Six rounds of voting produce no chairman for Verkhovna Rada


by Roman Woronowycz
Kyiv Press Bureau

KYIV - After two more failed attempts to elect a chairman and with that process now into its second month, Ukraine's new Parliament finally decided on June 11 that compromise is the only way out of its leadership crisis.

Leaders of the legislature's eight political factions agreed during a meeting of a special conciliatory committee to take up the proposal set forth by a group of four centrist factions that the Verkhovna Rada chairman must be proposed and voted upon in a package with the two vice-chairs, which had been put forth in the first days after Ukraine's newly elected legislature had convened.

National Deputy Yurii Kostenko said the only way out of the crisis is to allow for representation on the presidium by all the forces in Parliament. "There needs to be a representative from the center, the right and the left for a leadership to be elected," said Mr. Kostenko.

The legislative body has tried six times to elect a chairman because its membership, aligned for the first time into political parties, has split into two ideological camps.

The leftist bloc had resisted a package vote because it believed it could take the chairmanship without a compromise candidate. It nominated Communist faction leader Petro Symonenko four times without success. But after its second strong contender, Socialist Center faction leader Oleksander Moroz, the chairman of the last Parliament, failed in the fifth and sixth rounds to attain the 226 votes needed to elect a chairman, the leftists agreed to the compromise move.
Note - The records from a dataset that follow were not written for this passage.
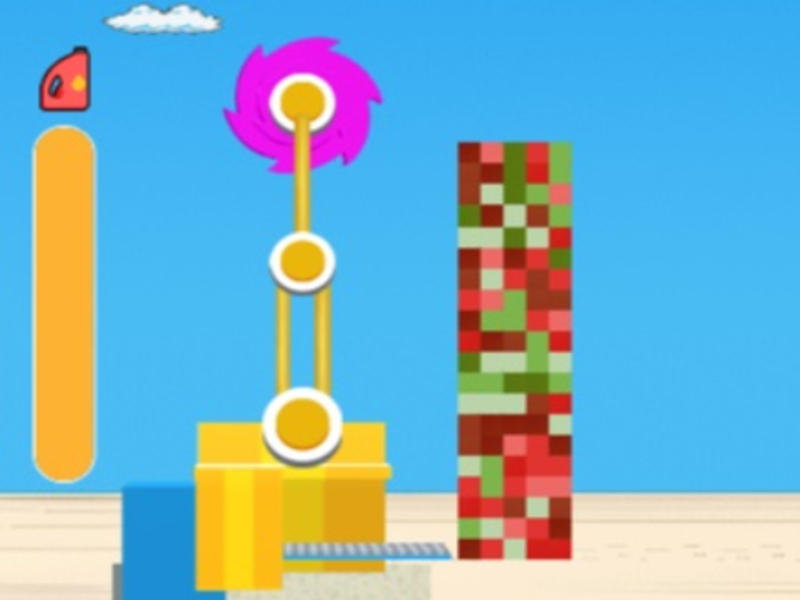 Gioco Bucket Crusher Asmr in linea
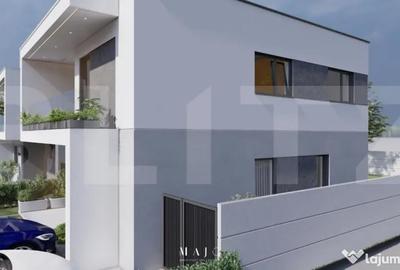 Casă cu 4 camere cu Teren 300 Mp în Central - 7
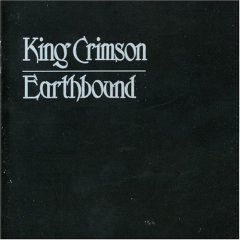 King Crimson - Earthbound (CD)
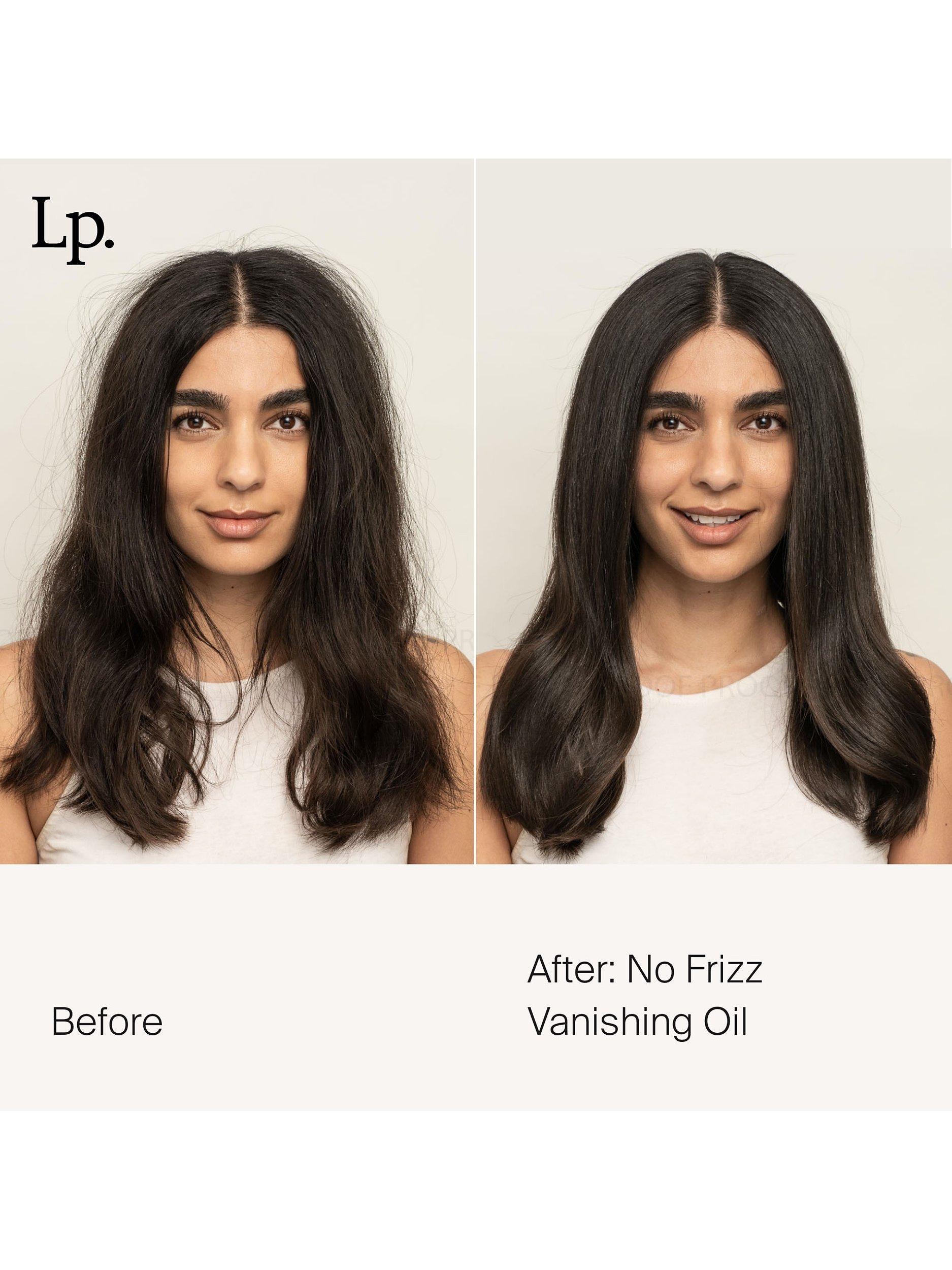 Living Proof No Frizz Vanishing hair oil 50ml, UK version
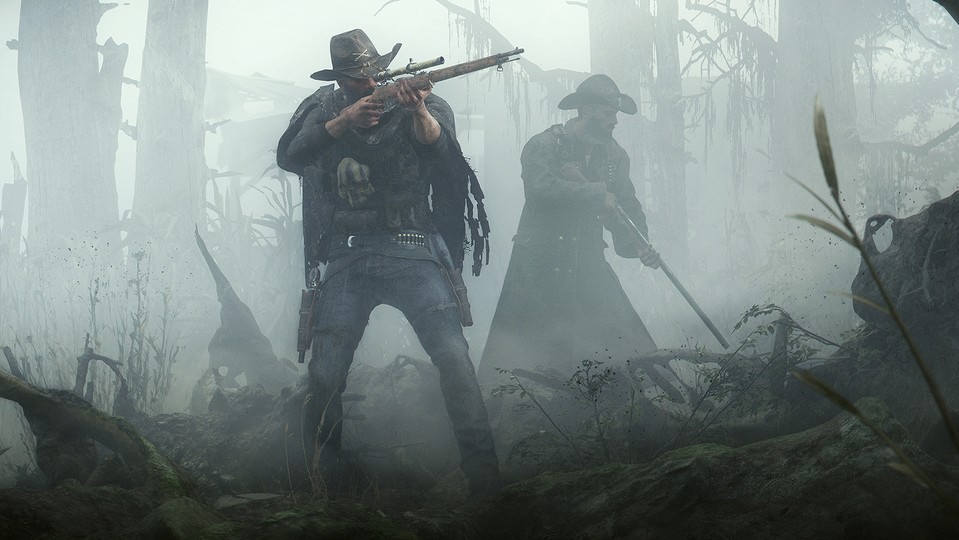 Hunt: Showdown kommt schon bald auf die Xbox One.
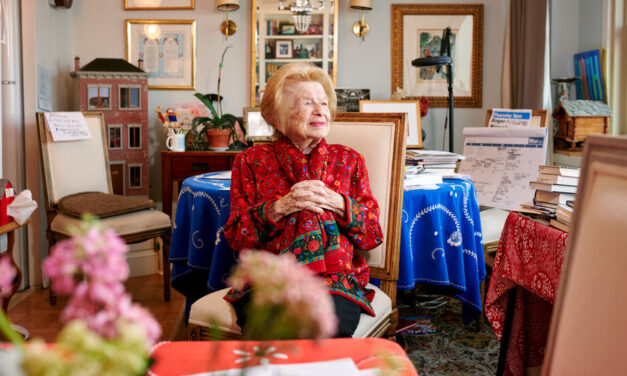 Ruth Westheimer, the Sex Therapist Known as Dr. Ruth, Dies at 96
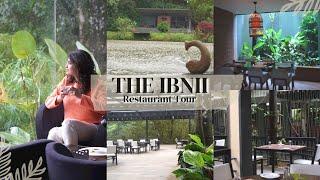 The IBNII Resort Coorg | Restaurant Tour (4K) | Picturesque cafe amidst lush coffee plantations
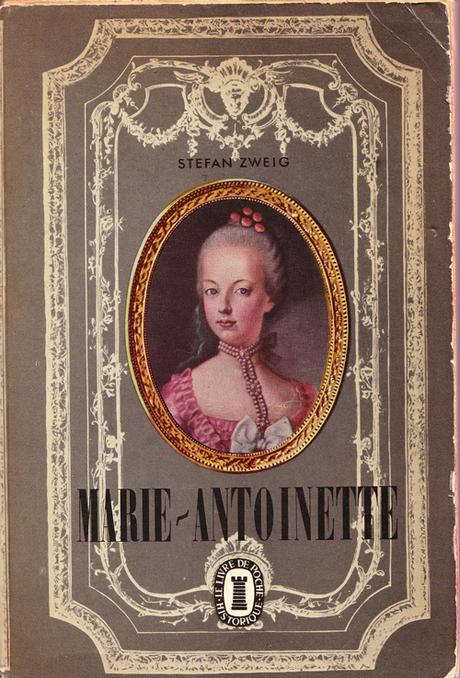 Deux livres sur la révolution francaises : Marie-Antoinette (Stefan Zweig) et l’Embaumeur (Isabelle Duquesnoy)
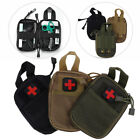Tactical MOLLE Rip-Away EMT Medical First Aid IFAK Blowout Pouch (Bag Only)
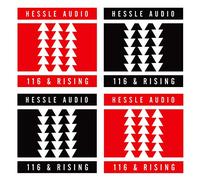 Various Artists - Hessle Audio : 116 & Rising [Import]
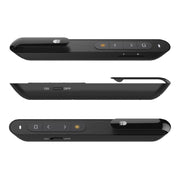 DSIT001 2.4GHz Updated Version Powerpoint Presentation Remote Control Multi-functional Laser Pointer for Multi-media, Control Distance: 100m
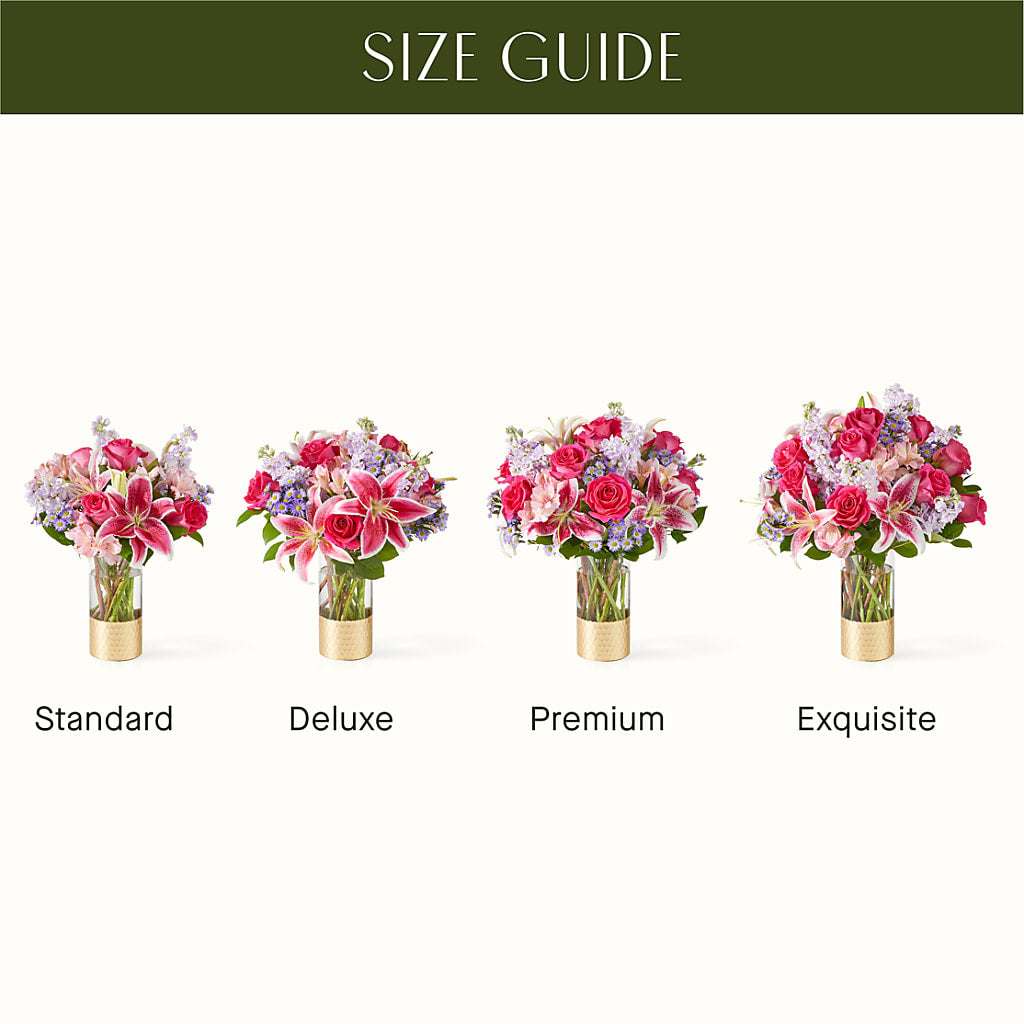 Pressing Petals Bouquet – Millennial Florist, Hartsdale NY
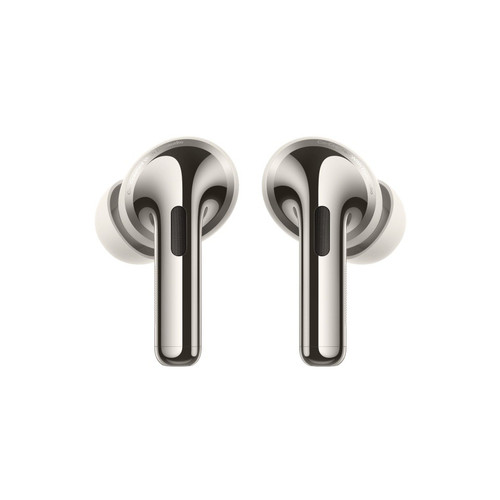 OnePlus Buds 3 True Wireless Earbuds, Beige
The four centrist factions, Rukh, the National Democrats, the Social-Democrats (United) and the Greens, forged a temporary coalition after they decided the only strategy that would prevent a parliamentary presidium of leftists would be to boycott voting for the leadership until an agreed-upon package of nominees had been worked out between the left and right.

They boycotted four of the six votes. But, more importantly, the two times they did vote the results showed that candidates of the left could not get the needed votes, even with a full complement of national deputies taking part.

Mr. Moroz, who many thought might win the chairmanship as a last-choice candidate, could muster only 177 votes in the fifth round of voting, which was boycotted by the coalition of four centrist factions. In the sixth round, with everybody participating, he still received only 197 votes.

Now, with many of the strongest potential candidates having spent themselves during the Parliament's monthlong political chess game, the question is: who might the factions agree upon for the presidium?

Although all the nominees who failed to get elected - including Mr. Kostenko, a leading Rukh figure, and Leonid Kravchuk, co-leader of the Socialist Democrat faction, as well as Messrs. Symonenko and Moroz - could be re-nominated, the feeling is that a person who has not taken part in the political wars has the best chance.

"Right now they are looking for a neutral choice," said National Deputy Mykhailo Ratushnyi, an independent.

He suggested that Mykhailo Syrota, who guided the vote on the ratification of the Constitution in 1996, is a strong contender. "This would be a very normal and objective choice," said Mr. Ratushnyi.

There are also hints that the Rukh and NDP centrist factions are willing to look at a package slate that would include a Communist in one of the vice-chair seats. National Deputy Roman Zvarych suggested before the fifth round of voting that such a move is not out of the question.

"There could be an agreement between Rukh, the National Democrats and the Communists for a package vote that would put Hromada and the Socialists on the outside," said Mr. Zvarych. "This process could also include the Social Democrats, but that would complicate matters."

The Communists, National Democrats and Rukh are the three largest factions in the Verkhovna Rada.

Mr. Ratushnyi said that, although an agreement may be in the works between the three largest political groupings, it will still come down to personalities and that could pose further problems.

"It is absolutely a realistic possibility, but then they would have to agree on who would take the chairmanship and the first and second chairs," observed Mr. Ratushnyi.